With some law clerks reportedly seeking legal counsel, one can well imagine a course of events that ends in litigation, after a clerk who refuses to turn over cell phone data is fired, then sues for wrongful termination. (Key query for another day: Would the justices recuse themselves from the lawsuit?)
To be sure, internal investigations are a commonplace of our era. In some fields of endeavor, they’ve become sufficiently ubiquitous that the psychological literature includes advice on how to survive the process. And when it comes to leaks from the judicial branches, investigations are not new. In 1938, for example, the Philadelphia Inquirer published a story predicting, correctly, that the Pennsylvania Supreme Court was about to strike down several new state laws restricting grand jury investigations. The furious justices interrogated the city editor, who implausibly explained that he had no sources inside the court and had based his prediction on the oral argument and a study of recent decisions.
In 1939, an incensed Illinois judge demanded to know why a prisoner he’d ordered released, one Raymond Scott, had been rearrested. He was told that the attorney general’s office had received a tip that the Illinois Supreme Court was about to overturn the order and send the defendant back to jail. Thus, the prosecutor explained, “we moved to get Scott before he could flee.” The judge announced that he would undertake an investigation into how word of a pending decision got to the attorney general’s office.
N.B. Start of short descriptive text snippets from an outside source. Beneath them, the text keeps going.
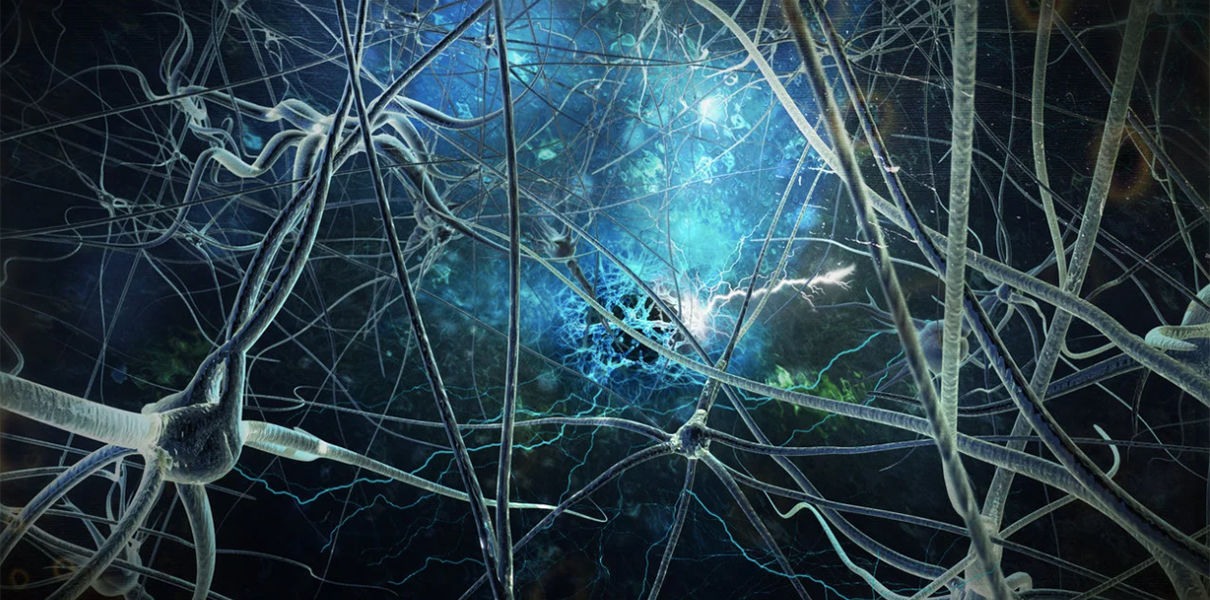 Нейробиологи выяснили, как мозг формирует привычки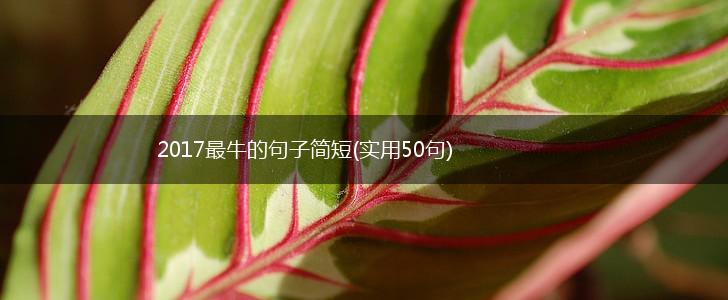 2017最牛的句子简短(实用50句),第1张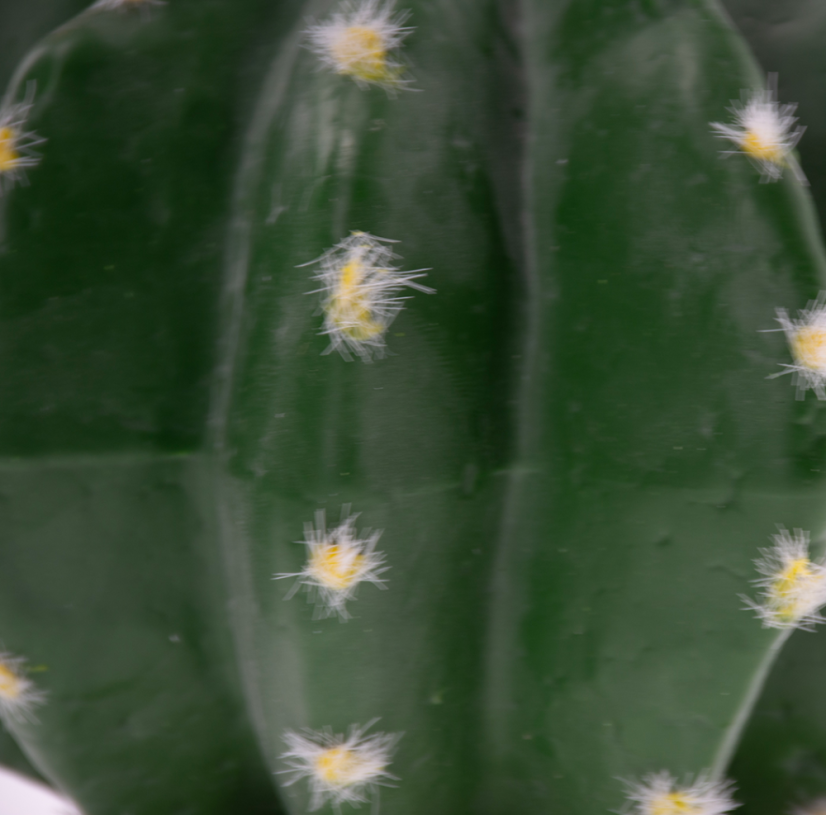 DUVO Tera Echinocactus 16,5x15,5x13cm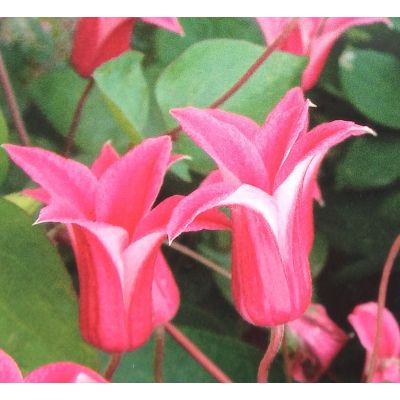 Princess Diana - Clematis - pink flower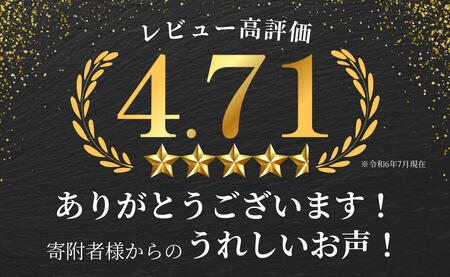 N20-22 佐賀牛しゃぶしゃぶ肉 560g（280g×2パック）【やわらかく、程よいサシの入った最高級のブランド牛】 厳選 黒毛和牛 特選黒毛和牛 極上の佐賀牛 20000円 560グラム しゃぶし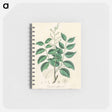 アートメモ帳-Diesel Tree (Copaifera officinalis)
 - 薬用植物学 Memo.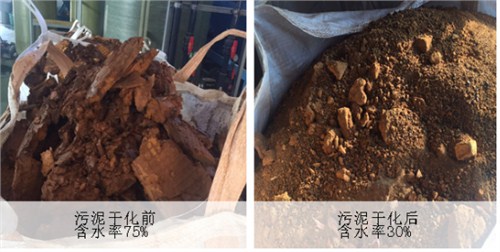 ニュース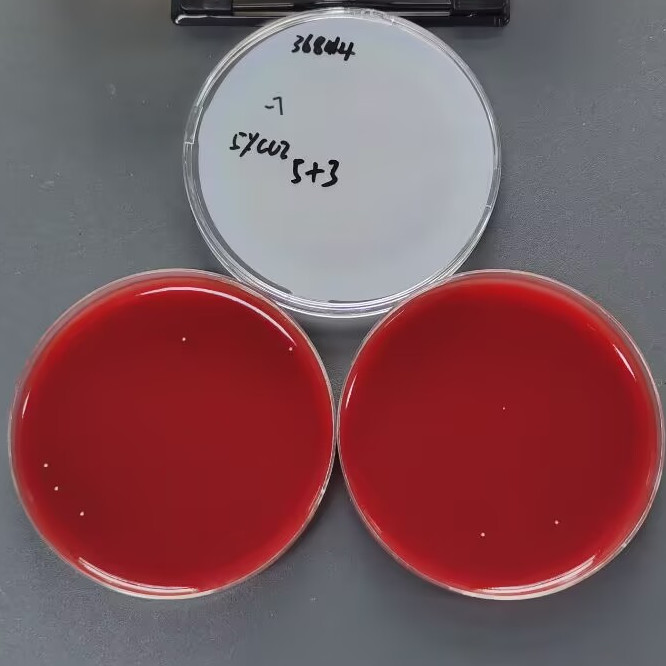Hemolytic Bacillus subtilis-BNCC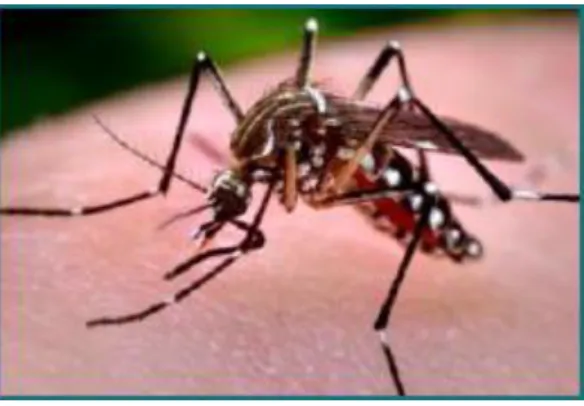Gambar 8. Nyamuk Aedes aegypti  (Sumber:  CDC, 2012 )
History does not record the result, but it is surely worth noting that the tip turned out to be wrong. As everyone’s been pointing out, the Supreme Court has hardly been exempt from worry over leaks. A 1919 leak of a pending railroad decision led to profiteering in the stock market, and criminal charges. But the justices have often used more discretion in responding. A 1935 Washington Post piece about the justices’ penchant for secrecy refers to a past incident in which, when a leak was suspected, “the court quietly disposed of the matter by internal investigation.”
Since the leak of Justice Alito’s proposed opinion, many outlets have run stories reminding us that the result in Roe itself leaked back in 1973, in an issue of Time magazine that hit the stands shortly before the decision was handed down. Then, too, there was talk among the justices of an internal investigation, perhaps even including lie detector tests. Then, too, there were fears that so intrusive a hunt would shake the foundations of the very institution it was supposed to protect. But we should also remember the denouement. The law clerk in question, appalled at the potential damage to the institution, bravely came forward. He confessed to his boss, Justice Lewis Powell, and offered to resign. Powell forgave his clerk, but sent him to see Chief Justice Warren Burger. Burger gave the young man a stern talking-to and sent him about his business.